Pull Down Resistors

What value is the pot?

 

Oh, pity. It would have been easier to calculate the exact values for you knowing that. Do you have a multimeter to measure it's resistance? (Measure across the outer terminals, with the pot out-of-circuit.)

 

It means it's 10 kilo ohms, 10,000 ohms, (in any context). That's a fairly standard value. If you measured correctly, it will be 5K from one end pin to the centre pin, 5K from the other end to the centre pin, and 10K from end to end.

It's actually handy to number the components, to make them easier to refer to.
I could explain the theory now, but I'll just do some quick calculations and then I can do it better, with voltages at different points.
Edit: I'll be a little while - have to eat lunch first.

 

Interesting. Maybe I'm missing something, but the way I see it LED1 will always be on, if your circuit is identical to the drawing.
Even with the pot wiper all the way to the left, there will still be a little under 1V available at the base of T2, (which will clamp at 0.6V), turning it on, and 2.5V available at the base of T1, clamped at a little over 0.6V, also turning it on. It might be dimmer than when the wiper is in the centre, but still on.
There will be roughly 1.9V at the right-hand side of the pot in this position, so LED 3 will be very faintly lit too. LED 2 will be fully on.
If you say that LED1 only lights when the pot is in the centre, then obviously I've made a mistake somewhere, but that's how I see it.

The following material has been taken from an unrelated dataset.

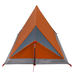 vidaXL Camping Tent 2-Person Grey and Orange Waterproof - Lightweight and Portable 2 Man Tent Cosy Camping Co.   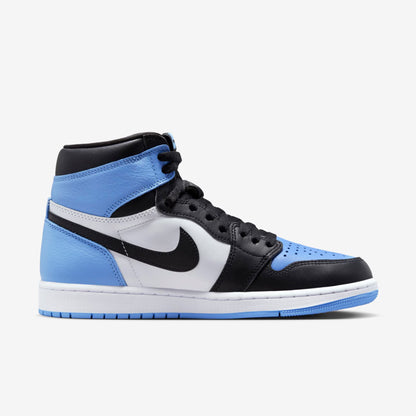 Jordan 1 Retro High White University Blue Black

Similar situation when the pot wiper is to the right.

Someone else want to check this out and see what I overlooked?

 

If it could turn 360 degrees, yes. (At least I got that right.)

 

It's OK, I made a silly mistake. In reality, (with the pot wiper to the left), the base of T2 will be at about 0.35V and it will be off, not on, so the LED could not be lit. And the right-hand side of the pot will be at about 0.7V, so LED3 will be fully off. R3 / R5 act as a voltage divider, dividing the 0.7V at the right of the pot in half, supplying the aforementioned 0.35V to the base of T2. R5 is not a 'pulldown' in this situation. Similarly, with the pot in this position, R2/R4 are a voltage divider, supplying 2.5V to the base of T1, which cannot conduct because T2 is off.

When the pot is to the right, the situation is reversed.

I miscalculated the current through the pot and the right-hand leg.

Edit: So you're not going blind, LED1 is definitely off when the wiper is at the ends.

 

My problem now, though, is when the pot is in the centre, I get 0.4V at the base of both transistors, so they should be off and LED1 still not lit! ???

 

A pulldown resistor holds an input low, until a high is applied to the input. And see my last post.

 

I just did a quick LTSpice simulation of the wiper in the centre of the pot. (Attached, and screenshots below.)

The circuit:-


The trace, green is Vb1, (T1), and blue is Vb2, (T2):-

 

Hmmm. At 410mV, both transistors should be off, and LED1 unlit.
You've got me beat.

It's hard to see in your pics, but carefully double-check that it's wired the same as the schematic.
If so.....you win. I give up.

 

Before I disappear, if someone who has LTSpice wants to load the schematic above and double-check what I've done, please do so. This is a mystery. I'd love to know what's going on here.
Edit: They're just generic NPN transistors, but that should be all that's needed here.